The new release is scanned with Coverity scan and other static analysis tools that helped to fix many potential bugs and leaks. I believe that rspamd 1.2 is stable, solid and completely production-ready so far.

The complete log of changes can be found here: https://github.com/vstakhov/rspamd/blob/1.2.0/ChangeLog

There are many important additions in the documentation shipped with rspamd. There is now a frequently asked questions article that describes many aspects of practical rspamd use. The quick start guide has also been updated to improve new users’ experience when installing and running rspamd.

Rmilter has been also upgraded to version 1.7.5 which fixes important greylisting and clamav issues. The rmilter changelog is available here: https://github.com/vstakhov/rmilter/blob/1.7.5/ChangeLog

Rspamd vs Spamassassin performance comparison

2016-03-03 00:00:00 +0100

Just before 1.2 release, I have measured performance of rspamd comparing to SA. In this experiment, I’ve taken rspamd master branch with default rules. Then I’ve added all rules from SA using spamassassin plugin. Hence, two scanners run with almost exact set of rules.
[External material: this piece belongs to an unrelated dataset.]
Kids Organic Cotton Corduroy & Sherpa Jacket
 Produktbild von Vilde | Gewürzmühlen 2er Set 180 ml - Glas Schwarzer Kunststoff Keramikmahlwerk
This set is quite large and it includes about 3k of custom regexp rules. Rspamd runs without hyperscan and pcre2, so it performs literally the same job as SA does. And here are results for about 100k messages being scanned:

Total False Positives: 517
Total False Negatives: 348
Total messages: 101349

Total SA time: 423942 seconds, total rspamd time: 33149 seconds
Average SA time: 4182ms/msg, average rspamd time: 327ms/msg seconds

So the difference in checks is less than 1% and in many cases rspamd does better job than SA because, for example, multiple hits of URIBL rules, phishing detection and some other differences. And it’s still 13 times faster than SA. Moreover, it eats less memory and can process more messages in parallel. In other experiments, rspamd was able to process about 450 messages per second on a single SandyBridge 4 cores scanner box.

I plan to release rspamd 1.2 very soon with a lot of cool features, including dynamic rules updates. I would appreciate any help in testing of the experimental packages. In fact, they are already used in production and are even more stable than 1.1 branch.